That almost sounds like a confession, but despite Clark's carelessly chosen words, and despite speculation linking Murphy with the conspirators, there is no direct evidence connecting Eisenhower, his chief subordinates, or the
OSS
with the murder of Darlan. Eisenhower's attitude was best expressed by his reaction to Roosevelt's message saying that if the French leaders would not cooperate “they will have to be replaced.” Ike was terribly upset, according to Butcher. He said that without the good will of the French Army, the Americans would have to take on the “man-wasting” job of providing civil administration for Algeria and guarding the lines of communication through North Africa. Instead of active assistance from the French, Ike said he feared there would be “passive resistance à la Ghandi, or possibly resumption of French fighting Americans ‘pour l'honneur.' ”

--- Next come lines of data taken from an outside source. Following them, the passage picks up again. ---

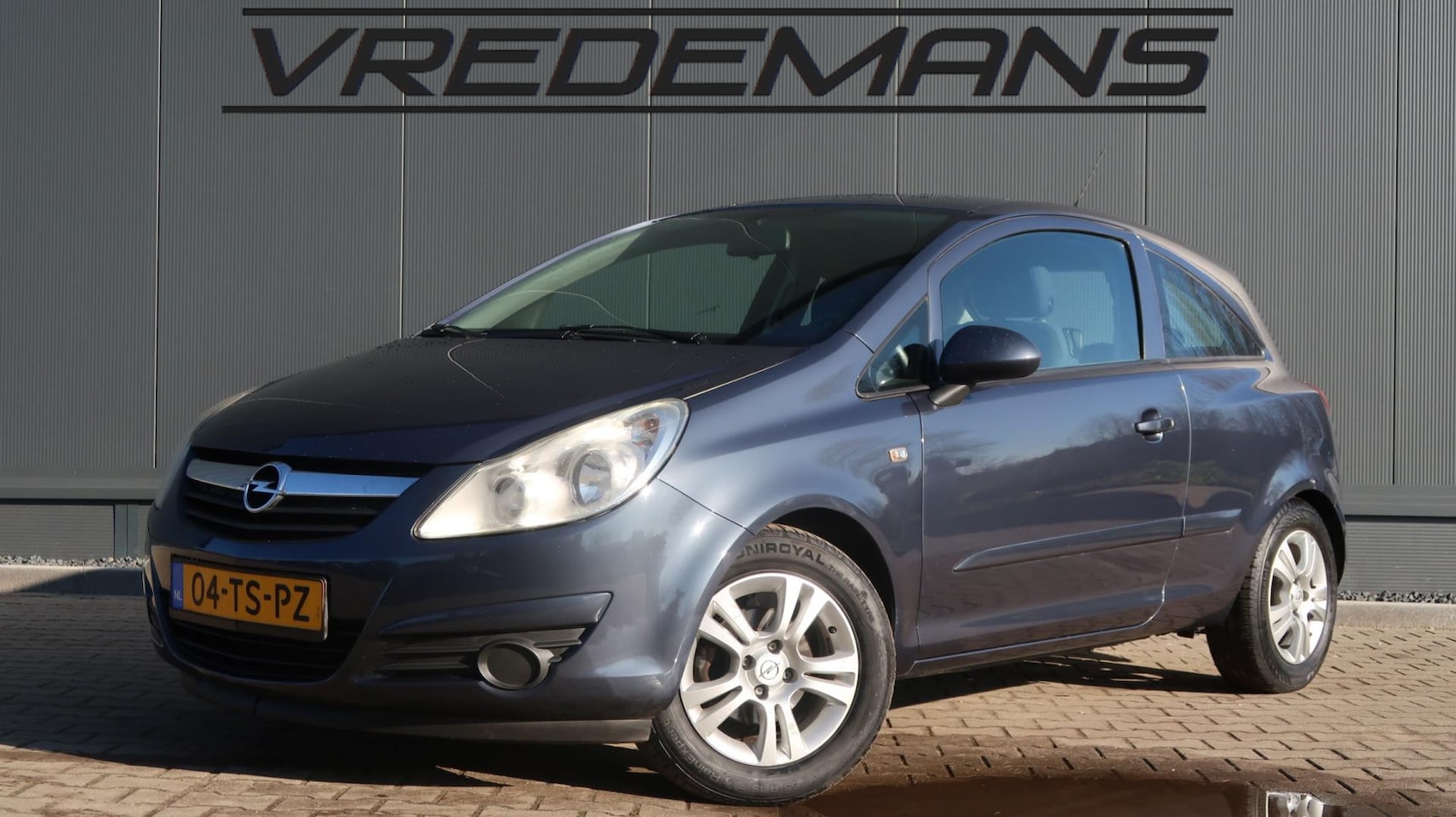 Opel Corsa - 1.4-16V Enjoy AUTOMAAT - AutoWereld.nl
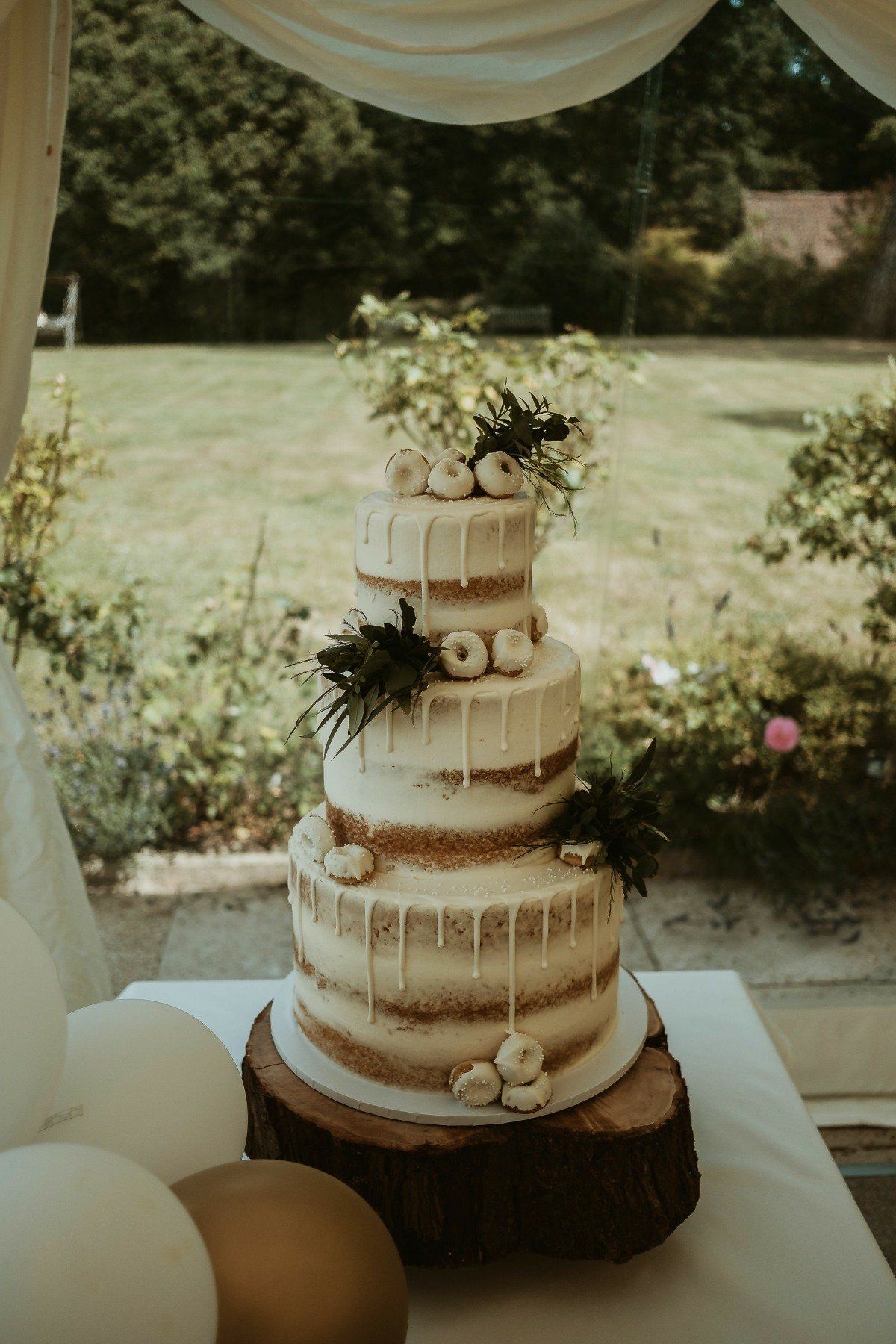 Four-tiered wedding cake with white frosting and donuts, on a wooden base, outdoors.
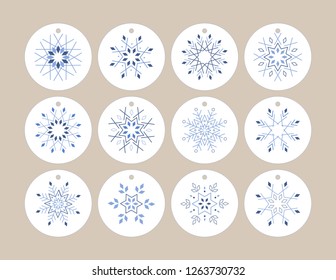 Snowflake hang tag printable. 12 unique snowflake designs on round tags. Eash tag is 2x2inch, when printed on 8.5x11" or A4 size. Use as gift tags or hang tags and write your message on the back.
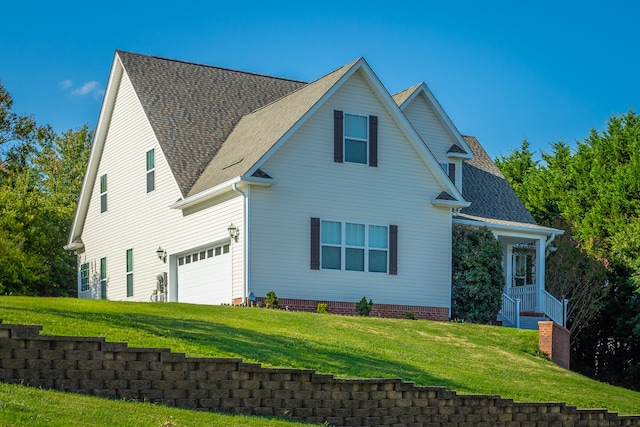 view of front facade with a garage and a front lawn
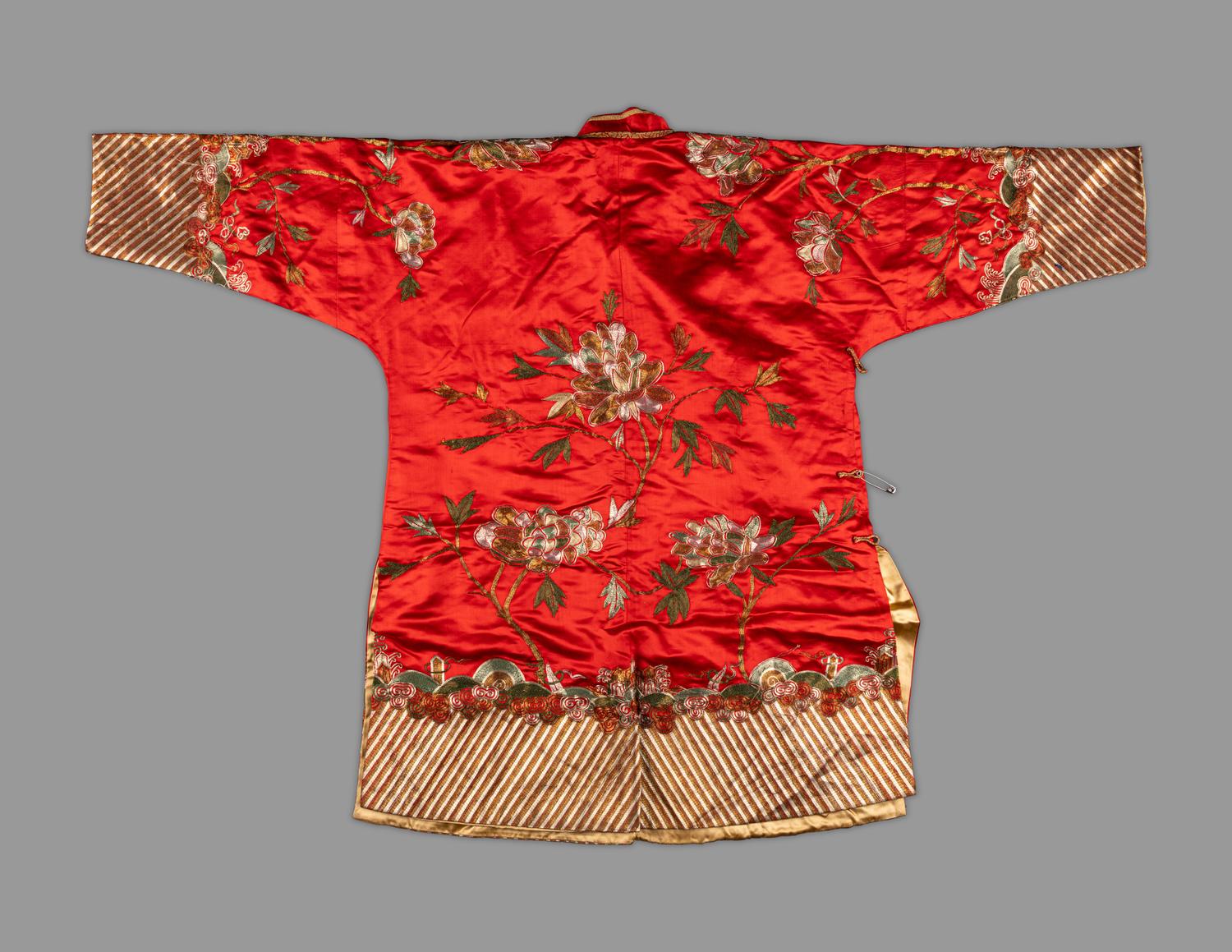 A Chinese Red Ground Embroidered Silk Jacket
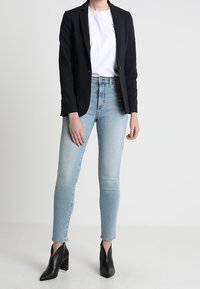 Blazer negro ajustado sobre una camiseta blanca, combinado con jeans ajustados de mezclilla azul clara y botines de tacón negros. Tejido suave y diseño ajustado.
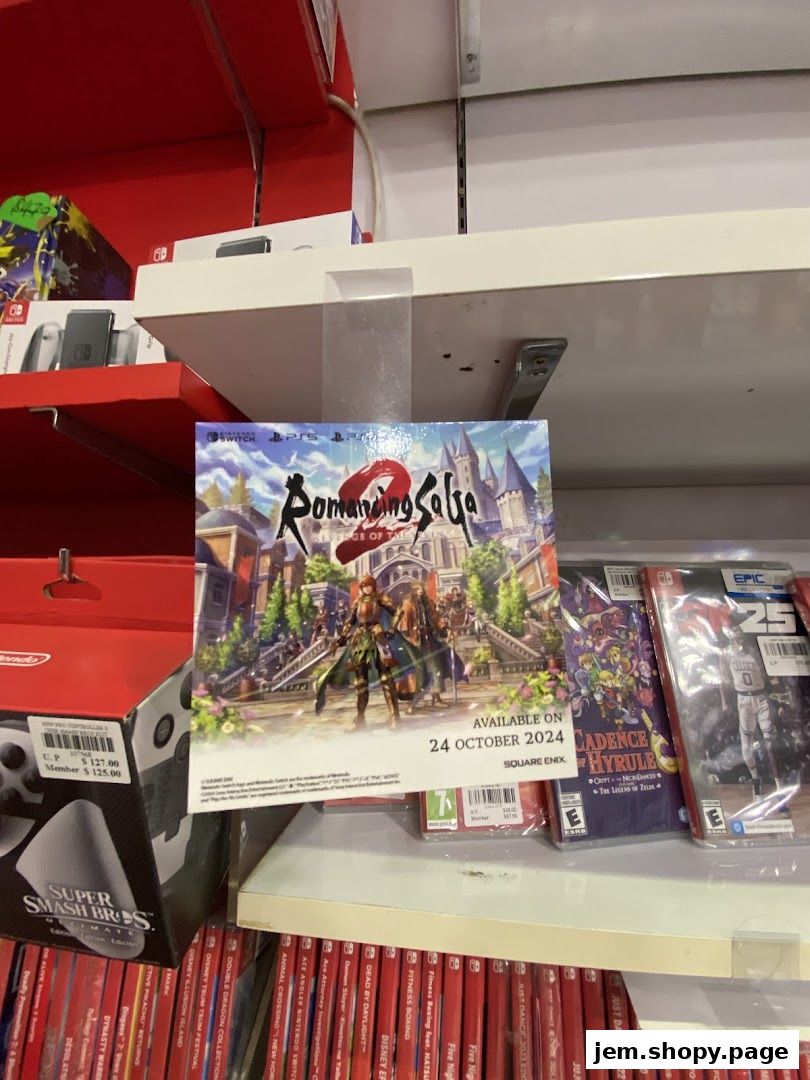 A display of video games, including 'Romancing SaGa' and 'Cadence of Hyrule', on shelves.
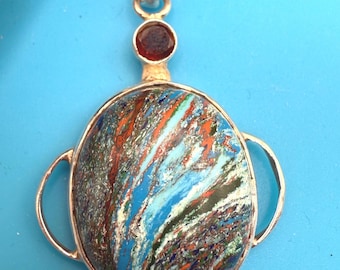 May include: A silver pendant with a large, round, multicolored stone. The stone features streaks of blue, orange, and green. A small, round, red stone sits above the larger stone. The pendant has a silver loop at the top.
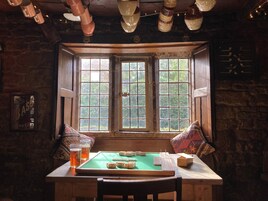 A cozy room with a wooden table, two windows, and a green felt board game.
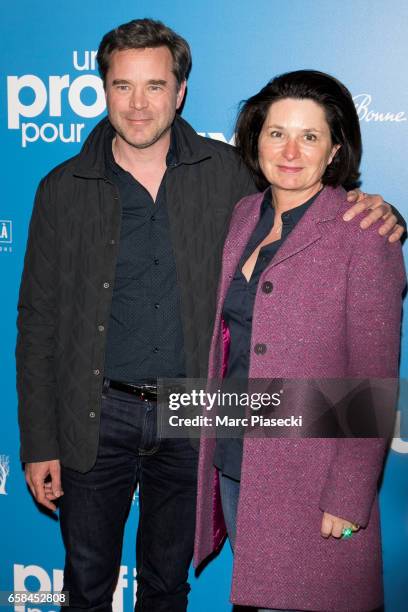 Actor Guillaume de Tonquedec and wife Christele de Tonquedec attend 'Un Profil pour Deux' Premiere at Cinema UGC Normandie on March 27, 2017 in...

If FDR insisted on dictating to the French to the point that it brought on French resistance, Butcher noted, “Ike said he would of course carry out the order, but would then ask to be relieved, which would no doubt mean reversion to the rank of lieutenant colonel, and retirement.”
53
Ike had come to admire Darlan and appreciate his cooperative spirit. He did not put the finger on the man.

Neither did Murphy or the
OSS
, if only because they did not have to do so. Anyone living in Algiers in December 1942 would have had to have been deaf and blind not to know that there were numerous plots to kill the little admiral. The analogy that fits is Saigon in 1963, where the
CIA
did not have to lift a hand against Diem but simply stood aside and let the South Vietnamese themselves do the killing. As Rosfelder makes so abundantly clear, in Algiers there were plenty of Frenchmen on the prowl for Darlan. And as de Gaulle's and Giraud's actions after the event indicate, there were many highly placed Frenchmen who were delighted to have the admiral out of the way, so much so that they made a hero out of the murderer.

*
The admiral was in Algiers because his secret service had tipped him off that the invasion was imminent.

*
Darlan did order Admiral Esteva to use the fleet to resist, but the French Army in Tunisia, under General Georges Barre, had withdrawn into the mountains, refusing either to fight the Germans or to follow Vichy orders to collaborate with them. The Germans were already arriving. Esteva decided to do nothing. The main French fleet, meanwhile, at Toulon, had scuttled itself rather than sail to join the Allies or be taken over by the Germans.

*
Putting it the other way around, Murphy's and Clark's failure to coordinate with the French had cost 1,800 American lives.

*
According to Michael R. D. Foot,
SOE in France
(a British official history, published in 1966), “members of d'Astier's Algiers group had drawn lots for which of them should have the honour of killing the admiral,” but French sources do not support his statement. Mario Faivre supports Rosfelder in his own confession,
Nous avons tue l'Admiral Darlan
(Paris, 1976).

*
At least with this author, who asked on a number of occasions in the 1960s. Carleton Coon also refused three separate requests for an interview made in 1979.

CHAPTER FIVE
Ike and
ULTRA
in Africa, Sicily, and Italy

FEBRUARY
, 1942. A fox brought to bay by a pack of hounds is a fearful sight, snarling, snapping, turning left, right, backward, never resting, always alert. The fox is the dreaded Erwin Rommel and his famous Afrika Korps; the hounds are Montgomery's Eighth Army, pursuing from the east, the American II Corps (General Lloyd Fredendall) closing in from the west, the French from the northwest, and the British First Army (General Kenneth Anderson) covering the northern escape route.

ROMMEL
had just retreated across half of North Africa, following his defeat by the British at El Alamein in November 1942. When he reached the Mareth Line, a prepared defensive position, partly underground, along the Tunisian-Libyan border, Rommel turned on the British, who recoiled, then settled down to await reinforcements. The chase across Africa had been exhilarating, but to close in on the “Desert Fox” in his den was another matter altogether. Monty gave Rommel time to catch his breath and plan his next move.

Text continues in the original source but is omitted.